PROBLEM REQUIREMENTS
Please restate word for word the lines of the entries below from the one with "DataDirect Networks logo" to the one with "Crema da Massaggio", inclusive, and leave out every picture.

SUPPLIED MATERIAL

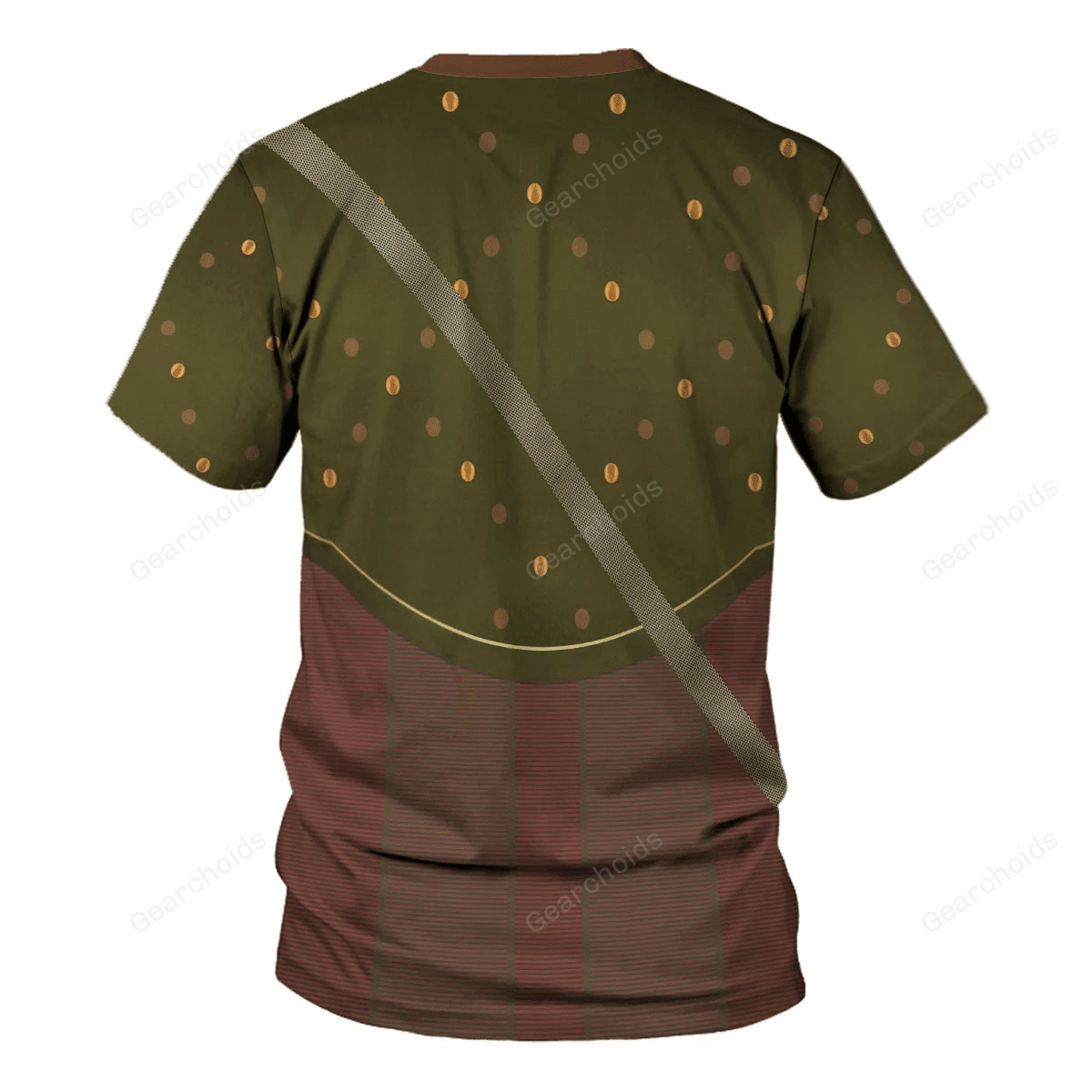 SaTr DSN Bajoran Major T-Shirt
...
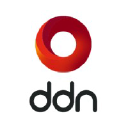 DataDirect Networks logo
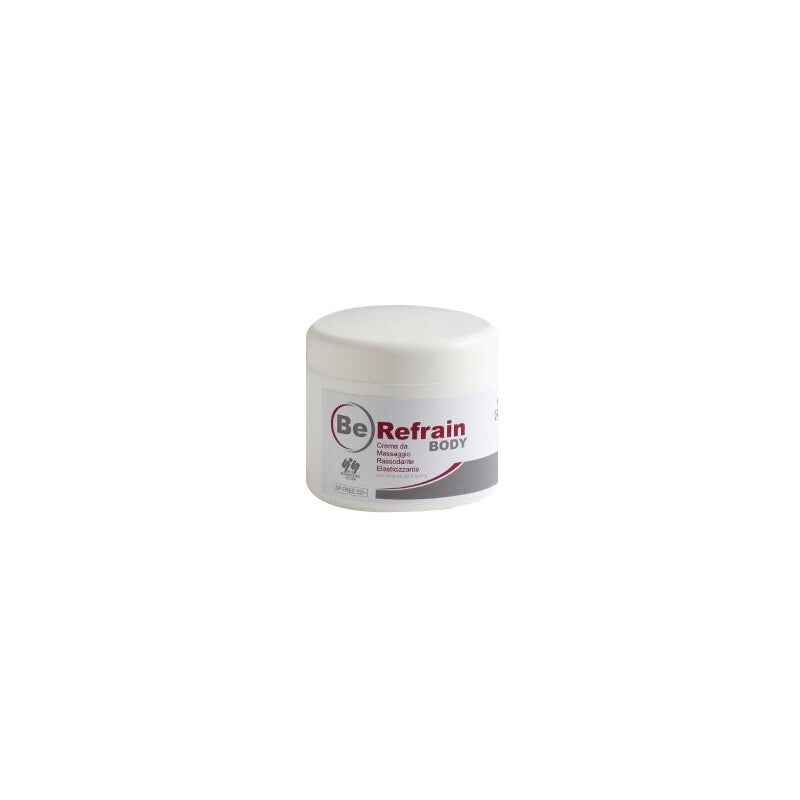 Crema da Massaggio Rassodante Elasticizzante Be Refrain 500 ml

EXERCISE RESULT
 DataDirect Networks logo
 Crema da Massaggio Rassodante Elasticizzante Be Refrain 500 ml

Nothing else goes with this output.